Attorney General Jeff Sessions’ department argued to the U.S. Court of Appeals for the Second Circuit that the federal law, particularly a section on employment discrimination, cannot be applied to LGBTQ people.
“The essential element of sex discrimination under Title VII is that employees of one sex must be treated worse than similarly situated employees of the other sex, and sexual orientation discrimination simply does not have that effect,” the brief says.
One of the nation’s largest LGBTQ advocacy groups, the Human Rights Campaign, issued a statement condemning the brief and the treatment of the LGBTQ community by the Trump administration.

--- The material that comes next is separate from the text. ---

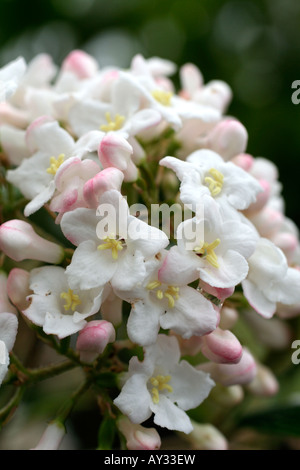 VIBURNUM X BURKWOODII PARK FARM HYBRID AGM Foto Stock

“Attacks against the LGBTQ community at all levels of government continue to pour in from the Trump-Pence Administration,” said HRC Legal Director Sarah Warbelow. “In one fell swoop, Trump’s DOJ has provided a roadmap for dismantling years of federal protections and declared that lesbian, gay, and bisexual people may no longer be protected by landmark civil rights laws such as the Fair Housing Act, Title IX, or Title VII. For over a decade, courts have determined that discrimination on the basis of LGBTQ status is unlawful discrimination under federal law. Today’s filing is a shameful retrenchment of an outmoded interpretation that forfeits faithful interpretation of current law to achieve a politically-driven and legally specious result.”
The ACLU also responded to the brief, calling it a “gratuitous and extraordinary attack” on the LGBTQ community.
Fortunately the courts, not an administration playing politcs with people's lives, will decide if the Civil Rights Act protects LGBT people.
— ACLU National (@ACLU) July 27, 2017
The Justice Department’s amicus brief was in response to a lawsuit that was filed by skydiving instructor Donald Zarda, who believed that he had been fired because of his sexual orientation. Zarda’s attorneys say this was a violation of the Civil Rights Act of 1964’s Title VII section prohibiting employment discrimination.